A Neoliberal Order No More?
The West seems to be regressing to the mercantilist bloc system of the colonial era. This time, however, there is only one bloc, where the former colonial masters have assembled as vassals of a single hegemon, with the rest of the world looking on from the outside.
Neoliberal globalism sold the ideal of the global economy as a level playing field in which the winners and losers are determined purely by competitive advantage. The international market was offered up as the ultimate venue for a peaceful convergence toward a “global village.” But in a breathtakingly abrupt reversal, the West killed off globalism. But why? And has it abandoned neoliberalism altogether?
Before the Russia-Ukraine conflict, former U.S. President Donald Trump’s tariffs on Chinese exports were considered an aberrant turn to mercantilism. Joe Biden and the Democrats were supposed to restore the American commitment to multilateralism. Instead, they kept all of Trump’s tariffs and sanctions and piled on more of their own. This year, they have taken a wrecking ball to neoliberal globalism. They’ve seized foreign reserves, cut off payment systems and imposed a borderline sanctions-based regime on the world.
The short answer to why this is happening is what one might call “China panic.” There is no polite way of addressing this topic. The U.S. identifies China and Russia as the two poles of a reenergized Eurasia that in a geopolitical prognostication, dating from the British Empire, will dethrone the Anglo-Saxon supremacy over the planet. This must not happen. Of the two, China is seen as by far the bigger “threat”—even if Russia is the most immediate target. The Biden administration is trying to cut China off from global semiconductor supply chains. Its Western vassals have also made regular policy statements identifying China as the “ultimate adversary.” As one German official put it, “Russia is the storm, China is climate change.”

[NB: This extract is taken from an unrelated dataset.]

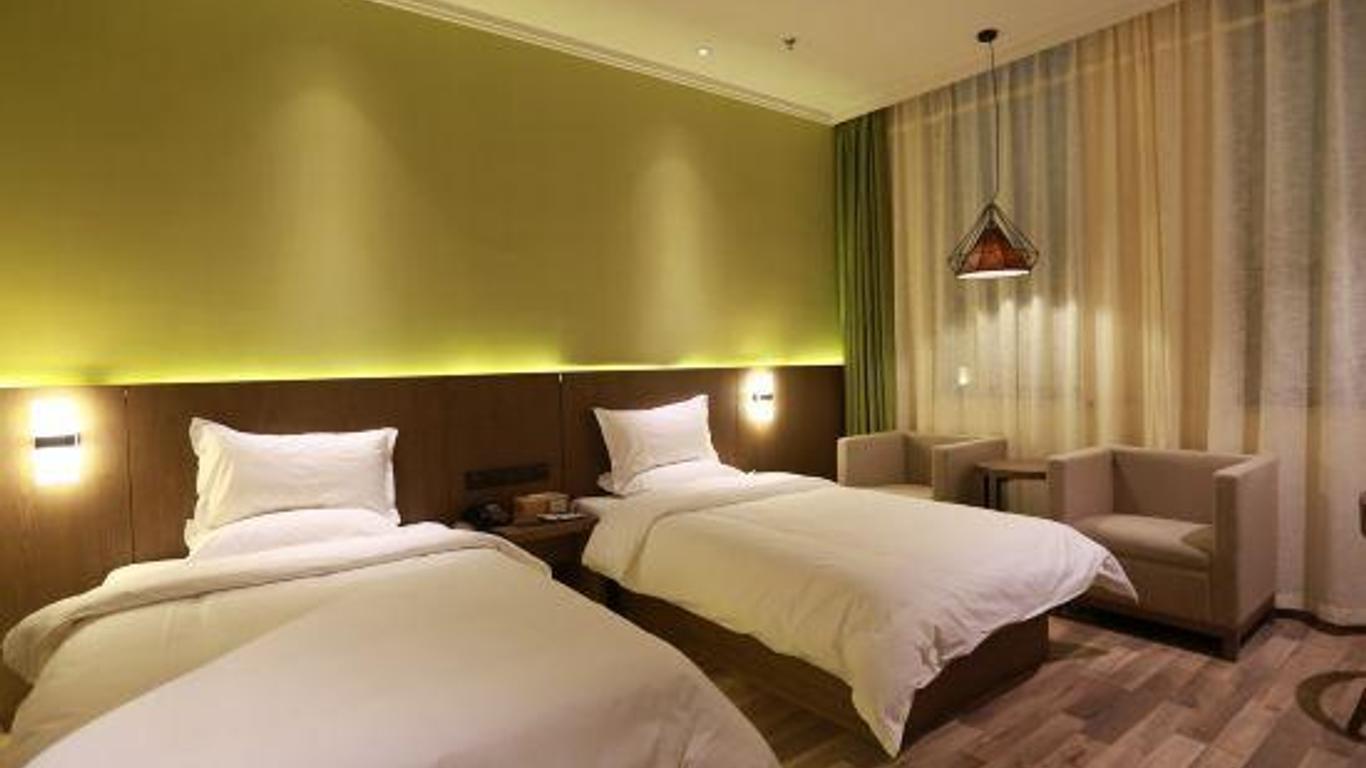 Starway Hotel Urumqi Railway Bureau Metro Station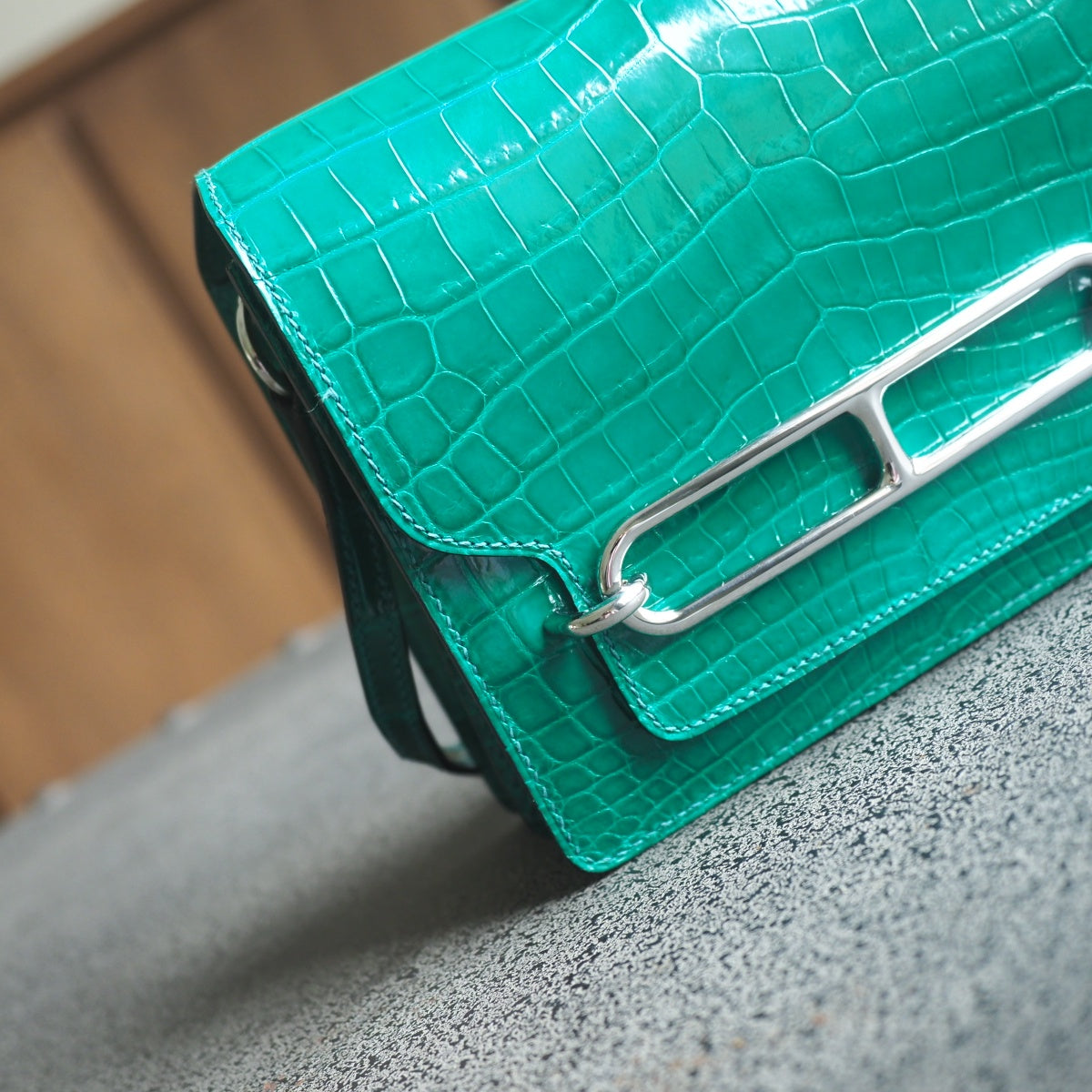 Hermes Roulis 19cm 6Q/翡翠绿/Vert emeraude Shiny cror leather Palladium hardware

That the neoliberal global system went out the window as soon as the U.S. felt threatened by rising powers shows what it has always been about: the empire. The level playing field of neoliberalism was acceptable only if it tilted toward Washington. The market was free only so long as the U.S. had absolute control over its key nodes, resources and points of extraction. Hypocrisy on this level can only be sustained because it is a fig leaf for supremacy; a hegemony that has inherited two centuries of Anglo-Saxon capitalist empire.
Globalization based on neoliberal principles was fine as long as it repackaged the colonial division of labor. When the Chinese economy is perceived to have grown too big, diversified and important to be contained under that division of labor, globalization becomes a “threat.” Western leaders now warn everyone of any over-dependency on China. Through “friend-shoring,” enforced technology monopolies and the ever-ready sanctions, the West seems to be regressing to the mercantilist bloc system of the colonial era. This time, however, there is only one bloc, where the former colonial masters have assembled as vassals of a single hegemon, with the rest of the world looking on from the outside. Vivian Balakrishnan, Minister for Foreign Affairs of Singapore, articulated how the Association of Southeast Asian Nations views this reenactment of the empire’s glory days as follows: “We are not interested in dividing lines in Asia. Don’t make us choose. We will refuse to choose.”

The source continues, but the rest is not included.